The Wall Street Journal wanted to see what Instagram’s Reels video service would provide users interested in children, so it set up test accounts that followed young gymnasts, cheerleaders and teen and preteen influencers on the platform.
The result, per the Journal?
“Instagram’s system served jarring doses of salacious content to those test accounts, including risqué footage of children as well as overtly sexual adult videos — and ads for some of the biggest U.S. brands.”
The Wall Street Journal saw that a large segment of followers on the popular accounts were adult men and that many of the accounts “who followed those children also had demonstrated interest in sex content related to both children and adults.” Following those follower accounts led to “more-disturbing content” and ads.
Per the Journal, The Canadian Centre for Child Protection ran its own tests and had similar results.
“Meta said the Journal’s tests produced a manufactured experience that doesn’t represent what billions of users see,” the Journal article said. “The company declined to comment on why the algorithms compiled streams of separate videos showing children, sex and advertisements, but a spokesman said that in October it introduced new brand safety tools that give advertisers greater control over where their ads appear, and that Instagram either removes or reduces the prominence of four million videos suspected of violating its standards each month.”
Several companies said they would suspend their ads rather than have them placed adjacent to inappropriate content, the article added.
Sexual content online has different degrees of impact.

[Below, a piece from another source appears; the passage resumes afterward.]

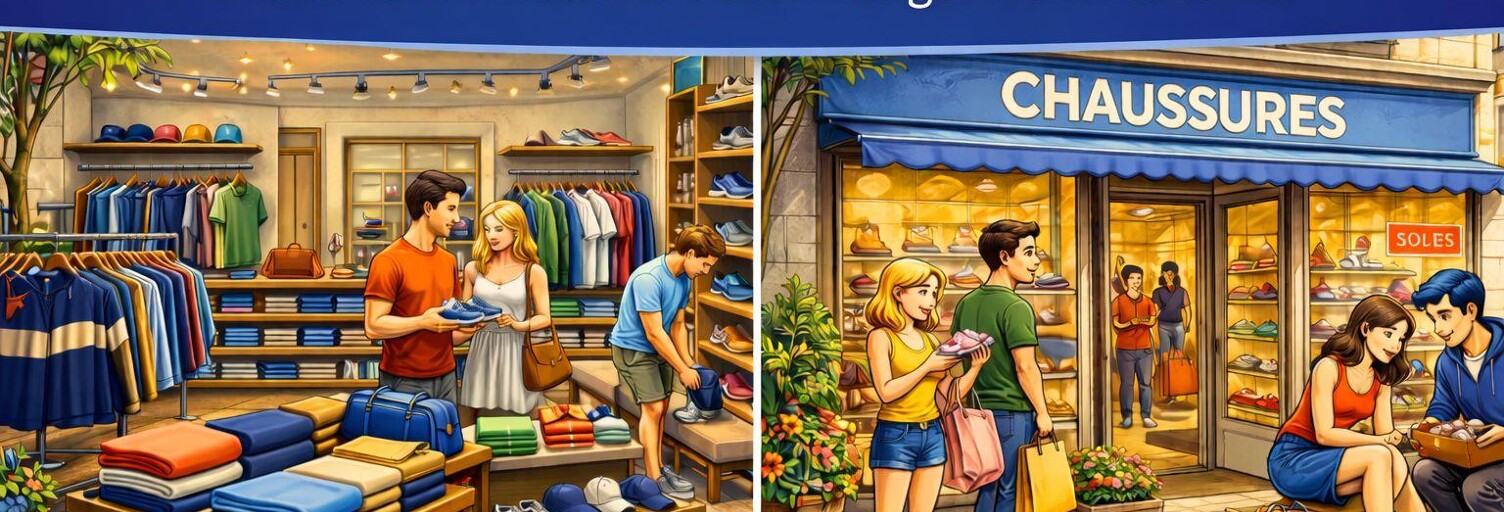 Commerce  148 m² à vendre à Châteauneuf-sur-Loire (45110)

For instance, the sharing of sexual content can have long-term traumatic effects. In an Instagram post, Operation Light Shine noted that the center’s own unrelated survey found more than two-thirds of sex abuse survivors say the dissemination of their images online has a profound impact. “Unlike the hands-on abuse, the repercussions of this online distribution are unrelenting, leaving indelible marks on their lives,” the post said.